I honestly don't care and am very happy with that. It doesn't bother me not to care at all. I'm very happy not to care. I feel liberated for it. I seek nothing anymore - I have no more desires and no more ambitions, thank god (if you'll pardon the pun).
All I have right now is my simple and satisfying life in the countryside, and my ISness. I'm traveling light for the rest of the journey, and I love it.
Okay so I didn't feel like telling lies yesterday and today I don't feel like lying either - so I haven't yet resolved the pagan egg drama yet. Needless to say, my home and garden help are still a tad aloof with each other and they tried to open the subject with me again, separately, to put their case forward again, but I just waved it off and said I was still thinking about it.
I know what I have to say - I just have to psych myself into it first. Basically, I have to stoop seriously low and fix it a-la Hillary Clinton (and 99% of politicians): make 2 opposing statements on the same issue.
When the time is right (probably tomorrow), I will lie and tell my gardener that I got inspired to eat the egg this morning so it's in me now and Allah will not be offended - I will also swear him to secrecy (on his children's lives and the holy Quran) not to tell the housekeeper that I ate the egg, but to say that I had decided to keep the egg to myself.
Then, I will proceed to give the egg to my housekeeper - I will make her swear on the bible and her kids not to tell the gardener as this will upset him - that she should avoid a conversation about the egg with him, but that if she was put on the spot, to say that I kept the egg to myself.
This way, both will feel that their knowledge scores one hundred and not the offensive "zero".

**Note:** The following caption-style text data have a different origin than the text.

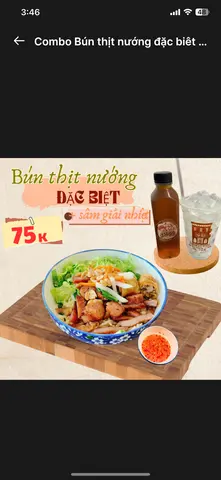 Hình ảnh Combo bún thịt nướng đặc biệt - nước sâm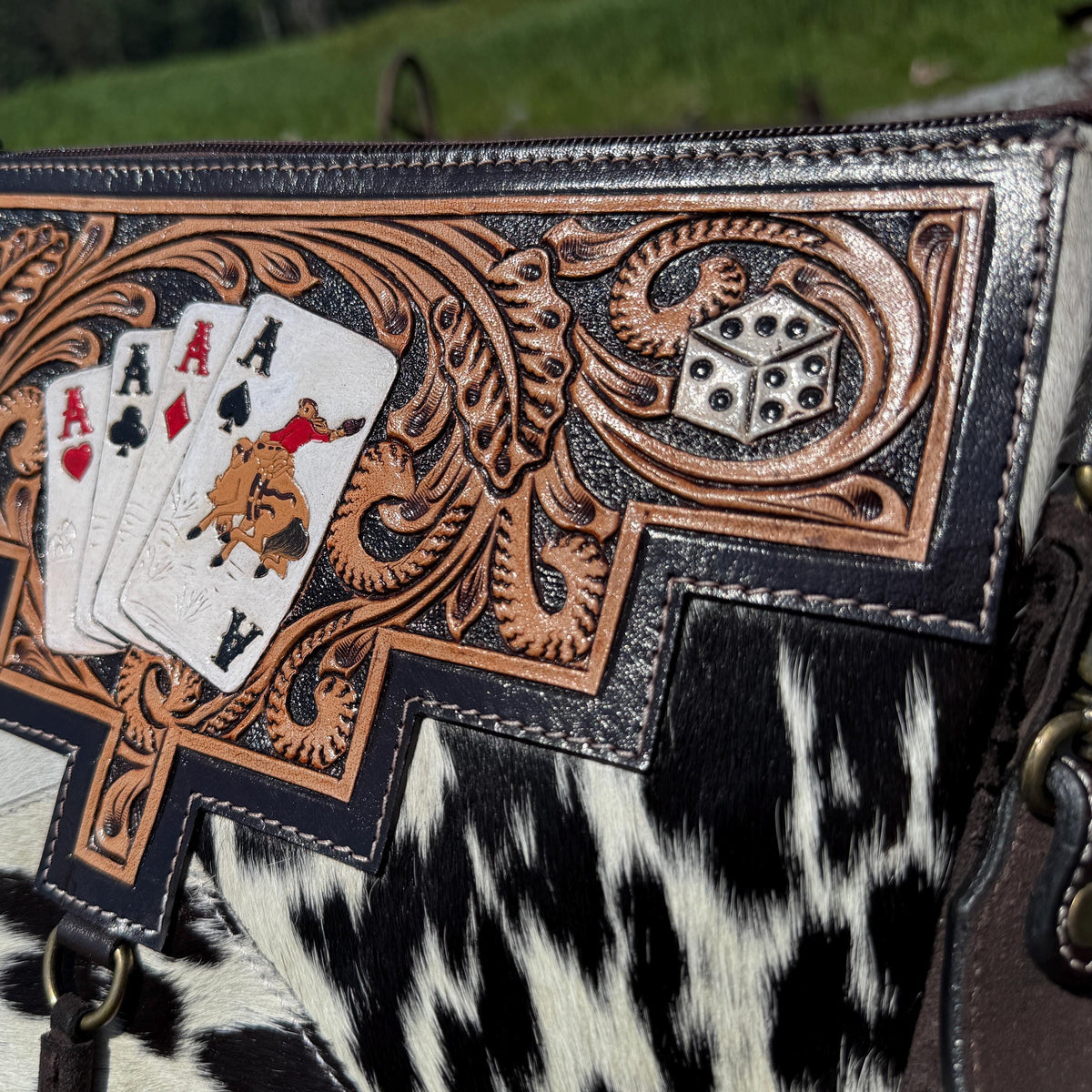 The Aces & Dice Cowhide Purse & Clutch, view 7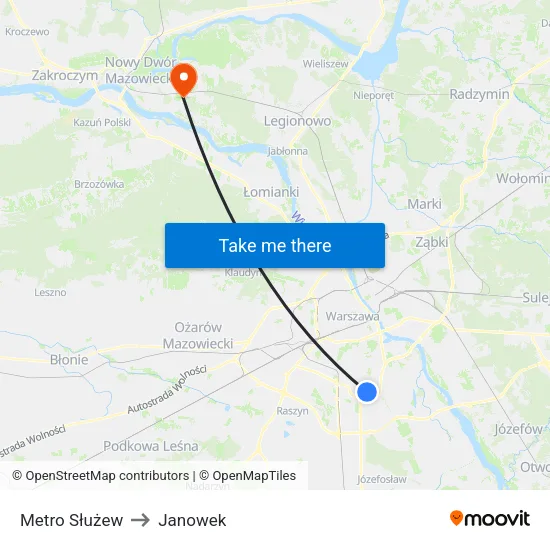 Metro Służew to Janowek map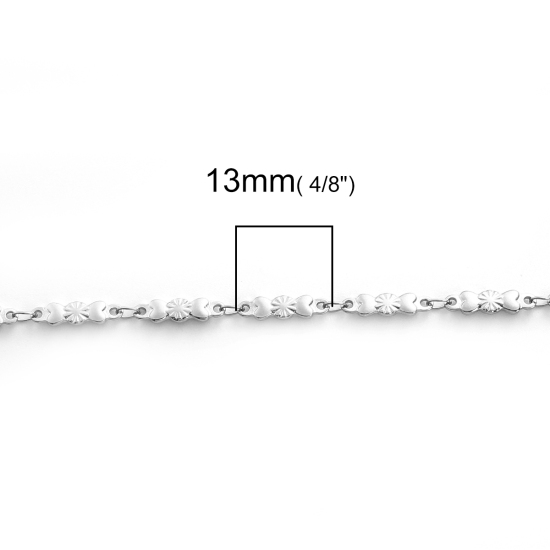 Image de Colliers en 304 Acier Inoxydable D'autres chaînes Bonbon Argent Mat 46cm Long, Taille de Chaîne: 13mm x 3.5mm, 1 Pièce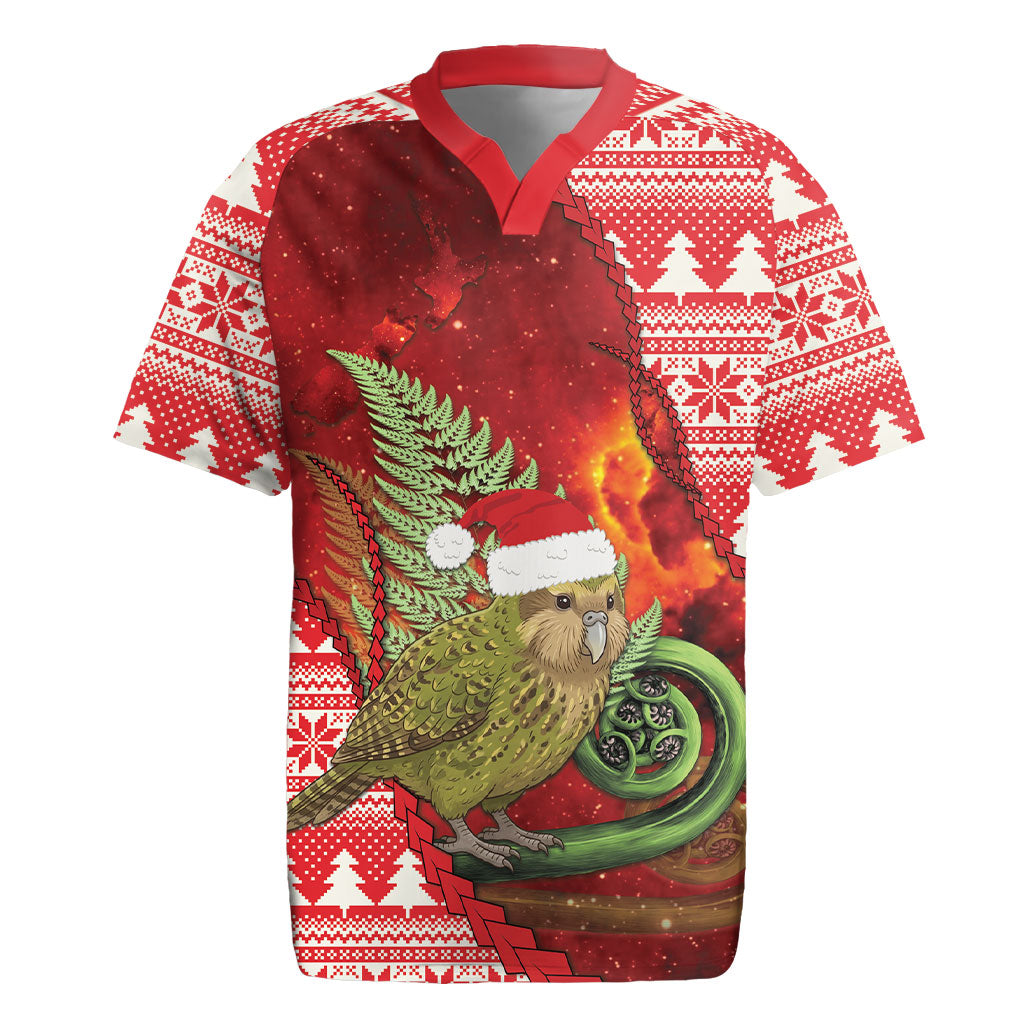 New Zealand Kakapo Christmas In July Rugby Jersey Silver Fern Santa Xmas Red Color
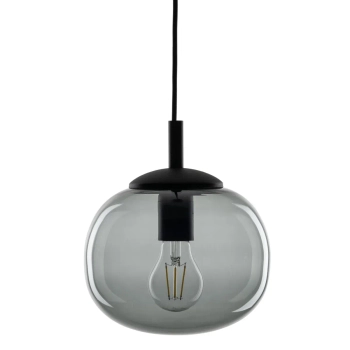 Szklana lampa kula VIBE 5825 wisząca do sypialni czarny grafit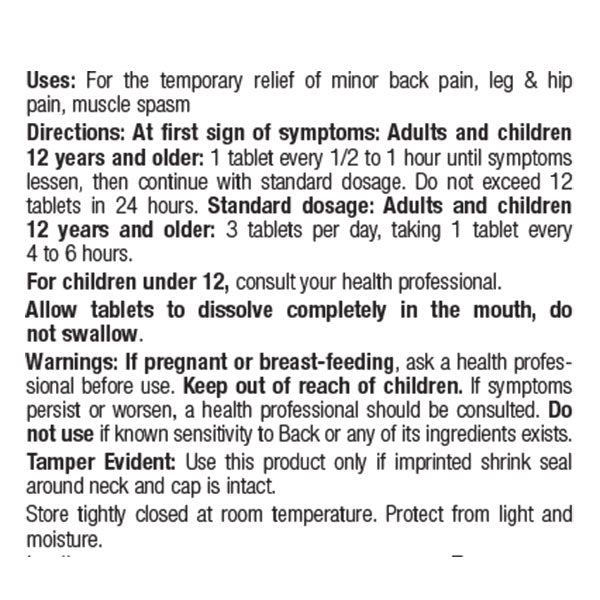 BHI Back Pain Relief Tablets Product Label Directions
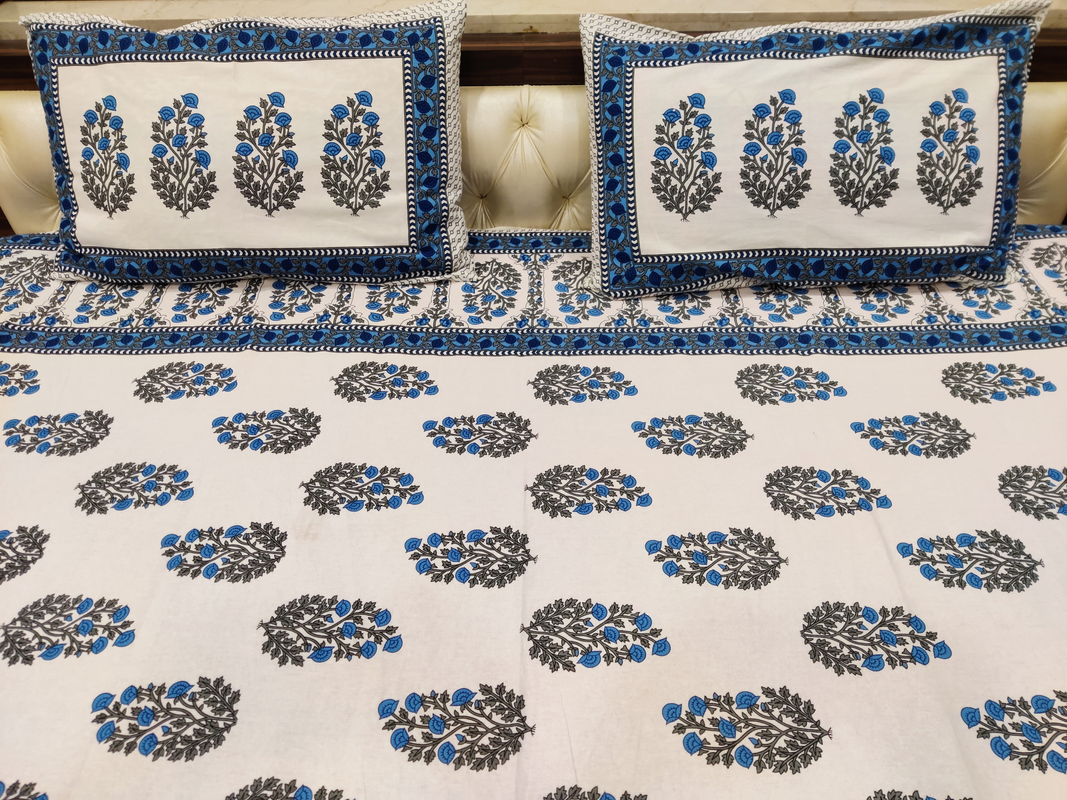 Cotton Bedsheet with 2 Pillow Covers ( 90x108 inches)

And that would be the end of that.
So, today, paganism created a little conflict in my household. Here's what happened:
My gardener is a 29 year old Syrian Muslim. He lives with his wife and three little girls in a cottage by the main gate of my farmhouse compound. Apart from taking care of my lawn, trees, flowers and organic veg garden, he also does some driving for me and takes care of the chickens I keep. He is a wonderful family man, exceptionally polite and accommodating, relaxed, honest, and prays to Allah five times a day.
My housekeeper is a Christian Filipino - she's a 36 year old mother of three (her kids live with their deadbeat dad in the Philippines). She's a very sweet country bumpkin, always smiling, hard-working: cleans, cooks for me and helps me with my 5 rescue dogs. Before she came to live with me, she had never before slept in a bed, never cooked indoors, never opened a fridge door or operated a washing machine - she'd lived a dirt-poor life, sheltered from the progressive world by the slums and poverty of her isolated village - but, her rustic gullibility is positively charming and she is very kind, especially to animals. She lives with me and the dogs in the main farmhouse; she has a very elaborate and colorful alter to Jesus in her bedroom, she prays every night at bedtime and she religiously goes to church every Sunday.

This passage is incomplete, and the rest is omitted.